The pick-up roller lifting member 40 comprises a lifting guide 41 arranged in the body 11 to be moved by the cassette 12 and provided with a guide surface 43 for guiding the body 13a of the pick-up roller assembly 13 to ascend or descend, a compression spring 45 arranged between a sub-frame 11a and the body 13a of the pick-up roller assembly 13 to elastically compress the body 13a of the pick-up roller assembly 13 so that the body 13a of the pick-up roller assembly 13 comes in contact with the guide surface 43 of the lifting guide 41, and a tension spring 44 interposed between the lifting guide 41 and the sub-frame 11a to return the lifting guide 41 to its original position, thereby lifting the pick-up roller assembly 13, when the cassette 12 is removed.
The pick-up roller lifting member 40 may employ a configuration in which the pick-up roller lifting member 40 is mounted in relation to the pick-up roller assembly 13 so that the pick-up roller assembly 13 is raised or lowered by the pick-up roller lifting member 40, instead of being mounted in relation to the body 11 so that the pick-up roller assembly 13 is raised or lowered by the cassette 12, as described above.
The following is a description of the operation of the conventional paper feeding apparatus 10 of the image forming apparatus, as described above.
If the cassette 12 loaded with the sheets of paper S is inserted into the body 11 as illustrated in FIG. 2A, a projecting step 42 of the lifting guide 41 is pushed in a direction indicated by an arrow A by a front end of the cassette 12.
As a result, the pick-up roller assembly 13 positioned above the cassette 12 as represented by the one-dot chain line in FIG. 3 descends in a direction indicated by arrow B along the guide surface 43 of the lifting guide 41 (FIG. 2B) to the position depicted by two-dot chain lines in FIG. 3 while being pivoted about a pivot axle 13b (FIG. 1) by the compression spring 45.
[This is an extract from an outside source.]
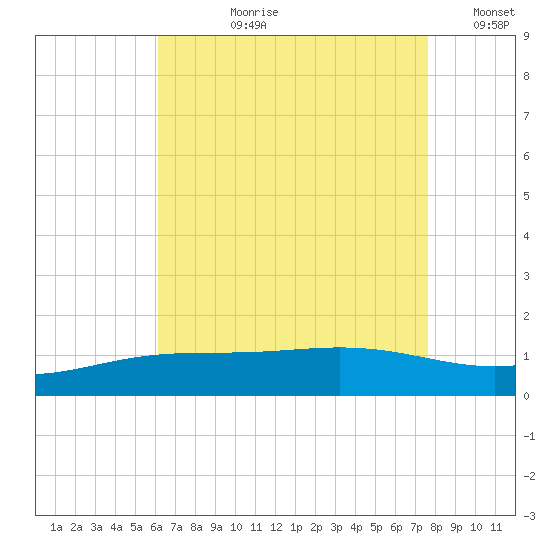 Milton tide chart for Thursday, August 8, 2024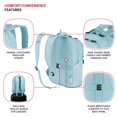 thumbnail image 2 of Mochila SwissGear Orientation azul claro para portátil de 16 pulgadas, 2 of 9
Thereafter, when the cassette 12 is completely inserted into the body 11, the pick-up roller assembly 13 is in a state in which a part of the pick-up roller 14 is positioned above the leading edges of the sheets of paper S in the cassette 12, and the second end 20b of the power transmission shaft 20 projecting from the front end of the cassette 12 engages the coupling 23 provided at the end of the driving axle 17a of the driving motor 17.
In this state, the driving motor 17 is driven to rotate the power transmission shaft 20, so that the lifting plate 16 is upwardly pivoted, thereby lifting the paper loading plate 21.
As the paper loading plate 21 is lifted up, the top of the sheets of paper S loaded on the paper loading plate 21 comes in contact with and upwardly push the pick-up roller 14 against the compression spring 45. Accordingly, the body 13a of the pick-up roller assembly 13 is upwardly pivoted about the pivot axle 13b. 
When the pick-up roller assembly 13 is pushed up and positioned where the top of the sheets of paper S comes in contact with the pick-up roller 14 with a constant pressure, the first sensing lever 34, which is disposed at an end of the body 13a of the pick-up roller assembly 13, is arranged between the first light emitting part 32 and the first light receiving part 33 of the first optical sensor 31. This position is represented by a solid line in FIG. 3. Accordingly, the first optical sensor 31 produces an “OFF” signal.
As the first optical sensor 31 produces the “OFF” signal, a controller (not shown) stops the driving motor 17 and drives the pick-up roller 14 using a driving source (not shown) connected to the pick-up roller 14 using a gear train (not shown) so that the sheets of paper S in contact with the pick-up roller 14, i.e., the papers loaded in the cassette 12, are sequentially fed into the body 11 one by one beginning with the uppermost one of the sheets of paper S.
The conventional paper feeding apparatus 10, as described above, typically employs a stepping motor or a DC motor as the driving motor 17 for rotating the lifting plate 16.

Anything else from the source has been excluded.